2017-12-04 13:32:57 -06:00
commit 0075e5b0f3
9056 changed files with 2523100 additions and 0 deletions
--- a/vendor/github.com/hyperhq/hypercli/docs/admin/runmetrics.md
+++ b/vendor/github.com/hyperhq/hypercli/docs/admin/runmetrics.md
@@ -0,0 +1,464 @@
+<!--[metadata]>
+++
+aliases = ["/engine/articles/run_metrics"]
+title = "Runtime metrics"
+description = "Measure the behavior of running containers"
+keywords = ["docker, metrics, CPU, memory, disk, IO, run,  runtime, stats"]
+[menu.main]
+parent = "engine_admin"
+weight = 4
+++
+<![end-metadata]-->
+
+# Runtime metrics
+
+
+## Docker stats
+
+You can use the `docker stats` command to live stream a container's
+runtime metrics. The command supports CPU, memory usage, memory limit,
+and network IO metrics.
+
+The following is a sample output from the `docker stats` command
+
+    $ docker stats redis1 redis2
+    CONTAINER           CPU %               MEM USAGE / LIMIT     MEM %               NET I/O             BLOCK I/O
+    redis1              0.07%               796 KB / 64 MB        1.21%               788 B / 648 B       3.568 MB / 512 KB
+    redis2              0.07%               2.746 MB / 64 MB      4.29%               1.266 KB / 648 B    12.4 MB / 0 B
+
+
+The [docker stats](../reference/commandline/stats.md) reference page has
+more details about the `docker stats` command.
+
+## Control groups
+
+Linux Containers rely on [control groups](
+https://www.kernel.org/doc/Documentation/cgroups/cgroups.txt)

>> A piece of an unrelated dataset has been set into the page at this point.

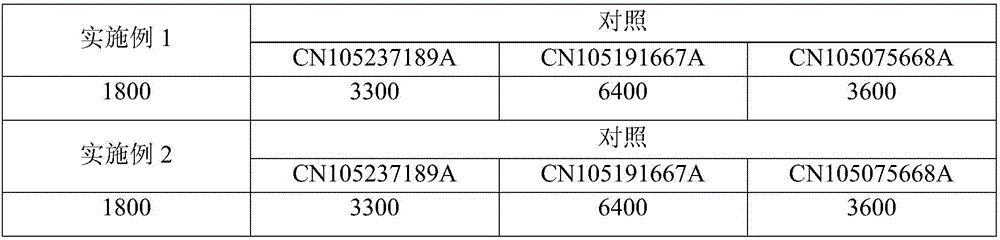 Toadstool nutrition bag prepared by utilizing edible mushroom dregs and preparation method thereof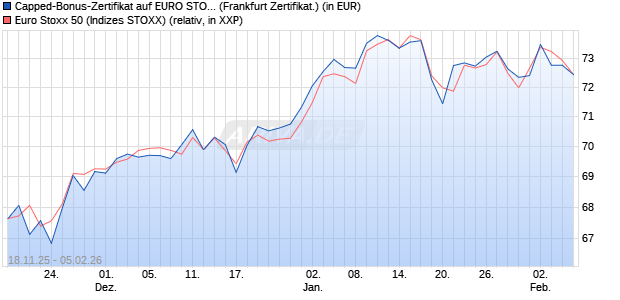 Capped-Bonus-Zertifikat auf EURO STOXX 50 [BNP P. (WKN: PK265Y) Chart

+which not only track groups of processes, but also expose metrics about
+CPU, memory, and block I/O usage. You can access those metrics and
+obtain network usage metrics as well. This is relevant for "pure" LXC
+containers, as well as for Docker containers.
+
+Control groups are exposed through a pseudo-filesystem. In recent
+distros, you should find this filesystem under `/sys/fs/cgroup`. Under
+that directory, you will see multiple sub-directories, called devices,
+freezer, blkio, etc.; each sub-directory actually corresponds to a different
+cgroup hierarchy.
+
+On older systems, the control groups might be mounted on `/cgroup`, without
+distinct hierarchies. In that case, instead of seeing the sub-directories,
+you will see a bunch of files in that directory, and possibly some directories
+corresponding to existing containers.
+
+To figure out where your control groups are mounted, you can run:
+
+    $ grep cgroup /proc/mounts
+
+## Enumerating cgroups
+
+You can look into `/proc/cgroups` to see the different control group subsystems
+known to the system, the hierarchy they belong to, and how many groups they contain.
+
+You can also look at `/proc/<pid>/cgroup` to see which control groups a process
+belongs to. The control group will be shown as a path relative to the root of
+the hierarchy mountpoint; e.g., `/` means “this process has not been assigned into
+a particular group”, while `/lxc/pumpkin` means that the process is likely to be
+a member of a container named `pumpkin`.
+
+## Finding the cgroup for a given container
+
+For each container, one cgroup will be created in each hierarchy. On
+older systems with older versions of the LXC userland tools, the name of
+the cgroup will be the name of the container. With more recent versions
+of the LXC tools, the cgroup will be `lxc/<container_name>.`
+
+For Docker containers using cgroups, the container name will be the full
+ID or long ID of the container. If a container shows up as ae836c95b4c3
+in `docker ps`, its long ID might be something like
+`ae836c95b4c3c9e9179e0e91015512da89fdec91612f63cebae57df9a5444c79`. You can
+look it up with `docker inspect` or `docker ps --no-trunc`.
+
+Putting everything together to look at the memory metrics for a Docker
+container, take a look at `/sys/fs/cgroup/memory/docker/<longid>/`.
+
+## Metrics from cgroups: memory, CPU, block I/O
+
+For each subsystem (memory, CPU, and block I/O), you will find one or
+more pseudo-files containing statistics.
+
+### Memory metrics: `memory.stat`
+
+Memory metrics are found in the "memory" cgroup. Note that the memory
+control group adds a little overhead, because it does very fine-grained
+accounting of the memory usage on your host. Therefore, many distros
+chose to not enable it by default. Generally, to enable it, all you have
+to do is to add some kernel command-line parameters:
+`cgroup_enable=memory swapaccount=1`.
+
+The metrics are in the pseudo-file `memory.stat`.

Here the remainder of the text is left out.